The first time you set up the tool, you need to prepare and import the lease data manually. We recommend using MongoDB Compass for this process.

1. Obtain the Full Dataset

2. Prepare the CSV Files

  • Place the downloaded CSV in the data/ directory.
  • Run the following script to split the large CSV into chunks of 1,000,000 records and add postcode information to each record:
node data/prepare-csv.js

This will generate a set of processed CSV files in the data/ directory, ready for import (1 million rows per file).

During the process, the tenure key is removed (redundant) and postcode extraacted from the regisitered or associated property descriptions (whichever matches first).

All keys are shortened to abbreviations of 4 charecters or fewer (this saves a lot of storage space in the database!). The data model handles the re-mapping for the ejs rendering.

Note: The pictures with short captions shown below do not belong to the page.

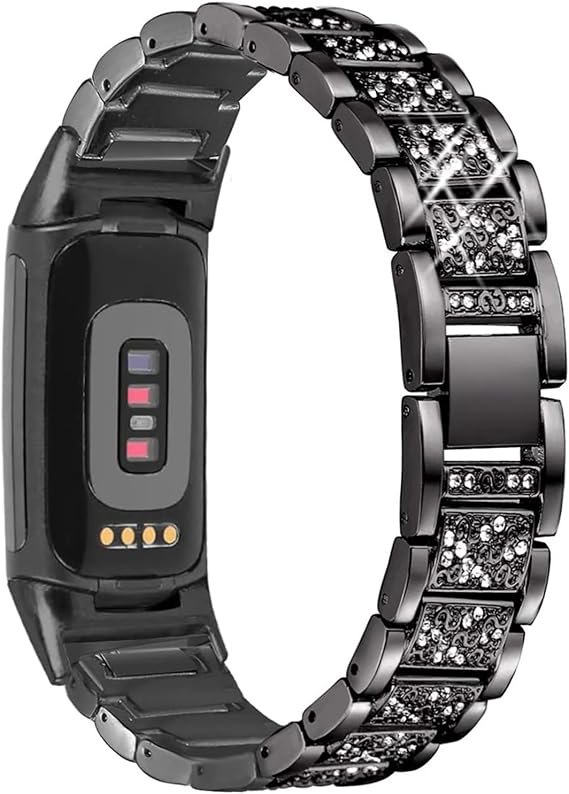 キラキラバンド Fitbit Charge 6/Charge 5対応 ドレッシーメタルブレスレット 豪華なラインストーン交換用リストバンド 女性用 シルバーブラックゴールド
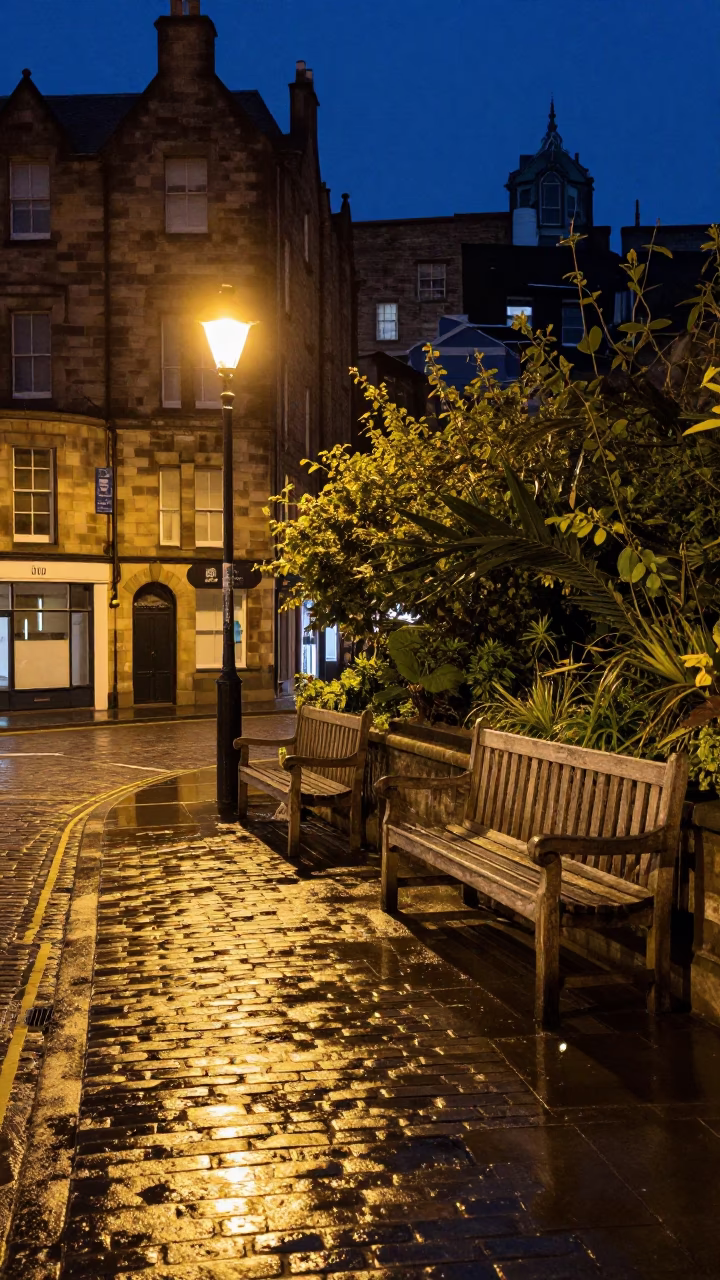 Late Night Edinburgh Street Scene with Garden Benches and Urban Atmosphere in in Edinburgh, United Kingdom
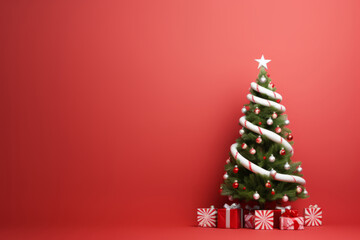 Christmas card with tree decorations on red background. Copyspace.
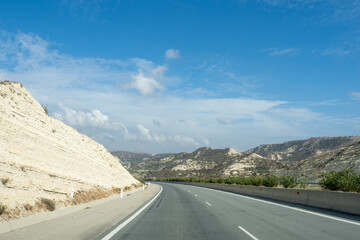 Mountain section of road on Paphos-Limassol highway, Cyprus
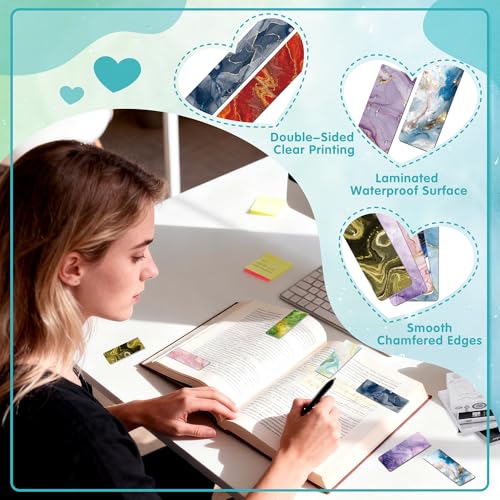 96PCS Magnetic Bookmarks Bulk Magnet Bookmarks Book Lovers Gifts - style: Marble Watercolor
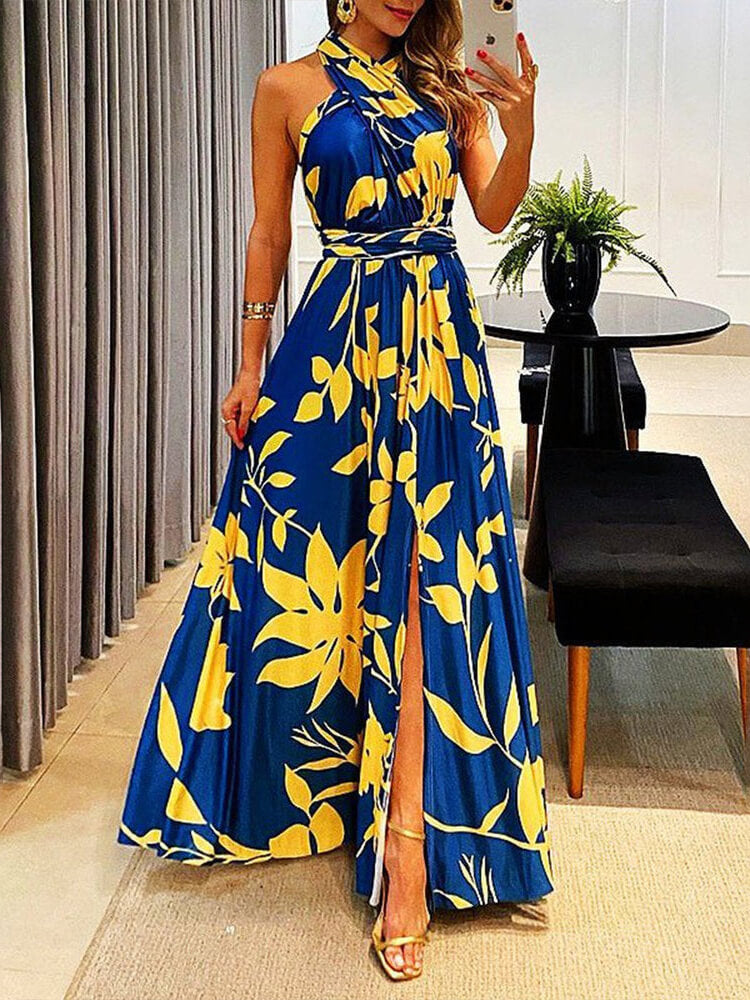 Women's Summer Sweet Striped Halter Neck High Waist Slit Maxi Dress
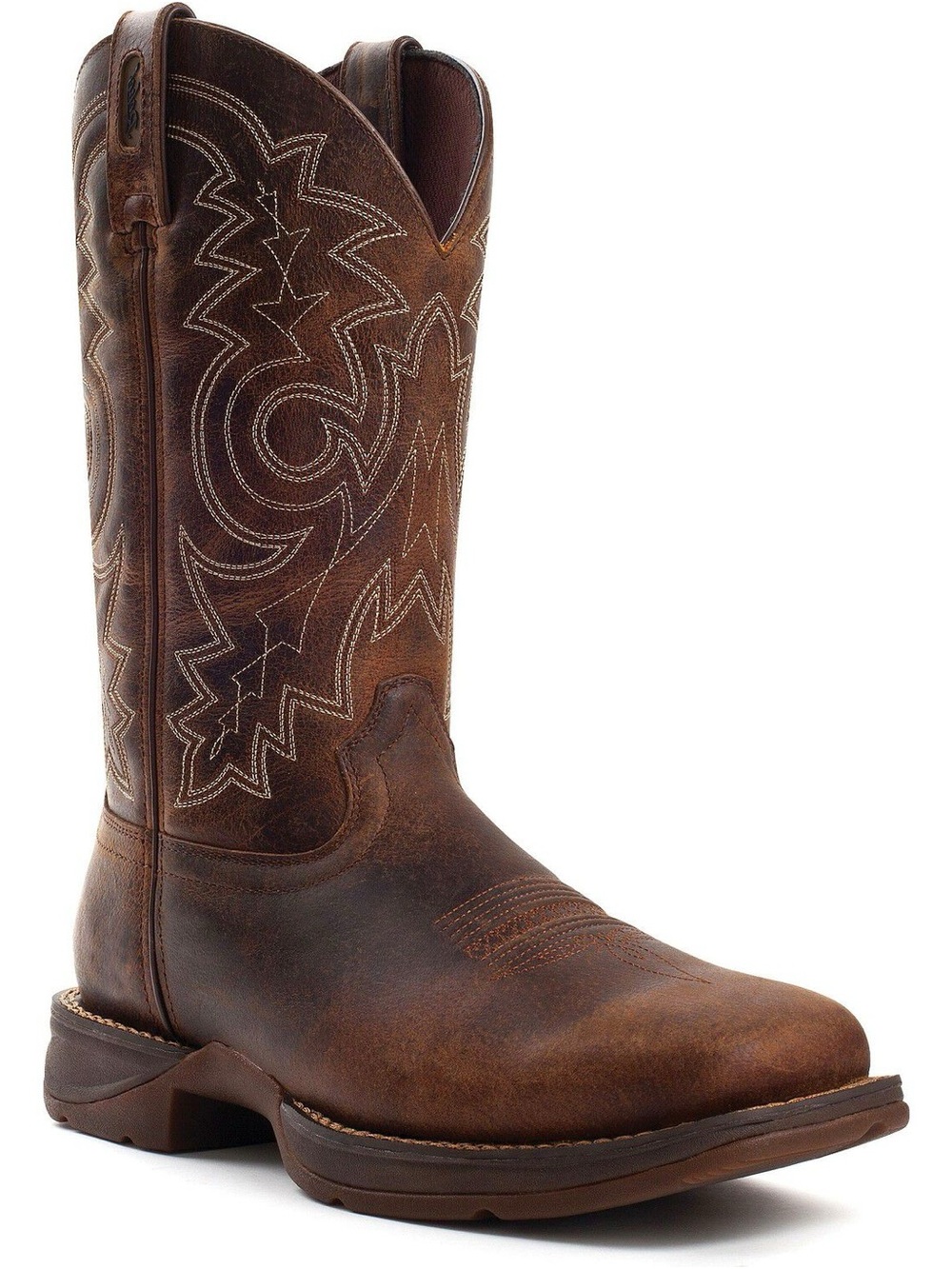 Durango Brown Leather Western Work Boot with Embroidered Shaft Size 10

Note: No derived information (such as lease length or parsed dates) is generated or stored at the time of import. This is intentional for two reasons:

  • Calculating derived values (like lease length) for every record at import would be time-consuming and resource-intensive.
  • Most importantly, keeping the database as close to the raw, authoritative Land Registry data as possible ensures that users always see the official record. No data cleaning or transformation is performed during import, except for extracting the postcode for search purposes. This avoids the risk of presenting users with data that differs from the official source, which could be critical for users who are investigating issues with their lease.

Any derived or calculated information (such as lease length) is shown separately in the user interface, clearly distinguished from the source data. This helps ensure users do not confuse derived values with the original data provided by the Land Registry.

3. Start the Application (to create collections)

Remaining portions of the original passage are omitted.